View Full Version : How to find linear part of measurement data? Calculate linear equation?



HappyCoder
1st June 2016, 13:01
Hello,

i have xy-measurement data that looks like this:

11962

I want to find the linear part of a curve and want to draw or calculate the red linear function.
I have never done this and need some hints how to do that.

Is there a library (LGPL) that can do this?
Is there an algorithm for this?

Any help or hints are welcome.
Thx

ChrisW67
1st June 2016, 23:07
What you want to do is called linear regression (https://en.m.wikipedia.org/wiki/Linear_regression) and you probably should start with the ordinary least squares (http://setosa.io/ev/ordinary-least-squares-regression/) approach.

You might find some (heavy duty) library options here: http://stackoverflow.com/questions/2197623/least-squares-regression-in-c-c
I cannot put my hands on a simple function in C right at the moment.

d_stranz
2nd June 2016, 18:27
I agree with ChrisW67 - start with an ordinary least squares approach.
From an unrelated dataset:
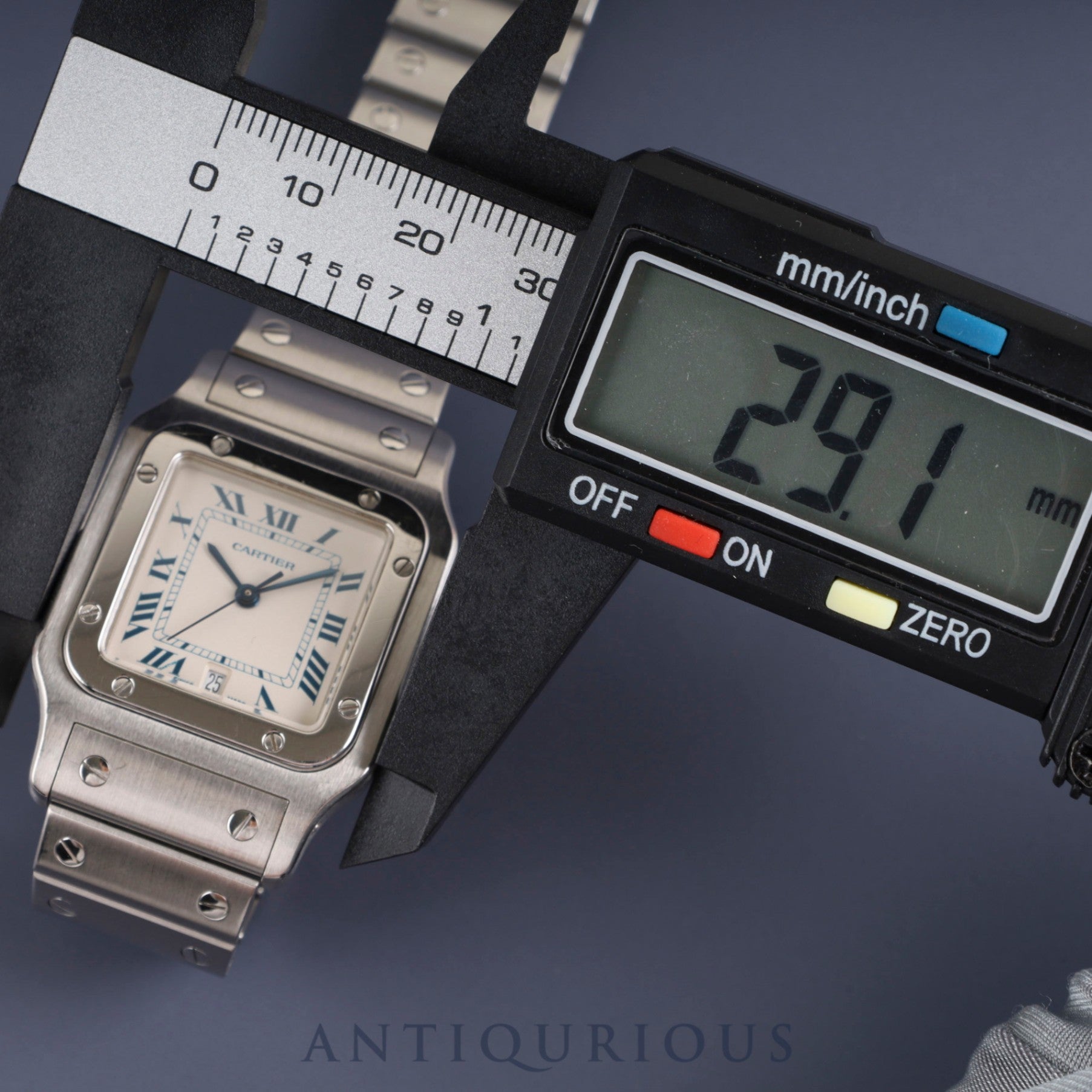 Cartier Santos Galbee LM W20018D6 / 1564 Quartz Cal.687 Stainless Steel White Dial Overhauled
Goggle for that, you'll find a googleplex of hits. Probably Wikipedia will be the clearest place for an explanation.

Least squares fits a straight line to a set of data points in such a way that the total squared deviation (sum of the differences of the actual data value from the fitted value, squared) is a minimum.

In addition to the error, the least squares method also lets you calculate a regression coefficient. This is a measure of how well the data fall on a straight line. A regression coefficient = 1.0 means a perfect fit, 0 means no fit. The least squares method will produce the equation for a line for any data (except something pathological, where all the points are the same, for example). However, if the data aren't really linear, then you will get a poor regression coefficient.

The trick in your case is that near the origin, your data deviate strongly from linear. Since you are interested in finding the line that best fits the linear part of your data, you need to tell the least squares algorithm to ignore the non-linear part of your curve. How do you do that? By first calculating the fit using all the data, calculating the regression coefficient, and then iteratively recalculating the fit as you slowly back away from the origin, dropping one point at a time from the fit calculation, until the regression coefficient improves to an acceptable value (i.e. closer to 1.0). You might implement something that compares the current coefficient to the last one, and if it has improved by more than "x" percent, keep going, otherwise stop and sy it's good.